# Work required
Copy each line of the data below in which the word "gold" can be found.

# Supplied material
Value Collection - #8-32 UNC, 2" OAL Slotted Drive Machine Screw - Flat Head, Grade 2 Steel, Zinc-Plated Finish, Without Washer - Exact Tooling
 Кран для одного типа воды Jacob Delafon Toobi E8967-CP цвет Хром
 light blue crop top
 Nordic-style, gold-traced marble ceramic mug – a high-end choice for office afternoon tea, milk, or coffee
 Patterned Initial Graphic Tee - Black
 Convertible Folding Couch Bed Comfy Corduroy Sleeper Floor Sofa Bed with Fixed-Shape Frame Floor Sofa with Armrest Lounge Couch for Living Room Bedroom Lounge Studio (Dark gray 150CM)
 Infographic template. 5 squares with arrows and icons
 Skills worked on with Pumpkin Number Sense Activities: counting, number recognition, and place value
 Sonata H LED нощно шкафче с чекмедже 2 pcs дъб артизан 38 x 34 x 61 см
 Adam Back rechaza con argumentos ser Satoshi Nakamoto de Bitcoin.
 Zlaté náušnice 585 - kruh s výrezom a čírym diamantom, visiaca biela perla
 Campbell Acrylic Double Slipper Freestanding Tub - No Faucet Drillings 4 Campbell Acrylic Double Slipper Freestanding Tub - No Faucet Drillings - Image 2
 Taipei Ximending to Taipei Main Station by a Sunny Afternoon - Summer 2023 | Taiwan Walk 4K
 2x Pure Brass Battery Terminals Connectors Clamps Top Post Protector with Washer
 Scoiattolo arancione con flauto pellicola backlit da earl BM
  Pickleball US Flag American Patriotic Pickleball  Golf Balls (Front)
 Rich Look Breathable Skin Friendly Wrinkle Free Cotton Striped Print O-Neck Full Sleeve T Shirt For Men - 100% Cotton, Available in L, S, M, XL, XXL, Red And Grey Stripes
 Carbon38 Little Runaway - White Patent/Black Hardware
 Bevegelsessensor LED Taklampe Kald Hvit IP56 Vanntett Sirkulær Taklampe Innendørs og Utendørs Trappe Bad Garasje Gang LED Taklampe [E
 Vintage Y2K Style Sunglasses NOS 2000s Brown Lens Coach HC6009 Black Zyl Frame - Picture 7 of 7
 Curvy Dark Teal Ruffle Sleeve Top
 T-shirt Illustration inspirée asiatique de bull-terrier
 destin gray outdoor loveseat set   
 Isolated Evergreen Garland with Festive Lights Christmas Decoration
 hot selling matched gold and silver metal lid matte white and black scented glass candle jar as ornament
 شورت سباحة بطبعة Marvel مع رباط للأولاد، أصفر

# Response below
 Nordic-style, gold-traced marble ceramic mug – a high-end choice for office afternoon tea, milk, or coffee
 hot selling matched gold and silver metal lid matte white and black scented glass candle jar as ornament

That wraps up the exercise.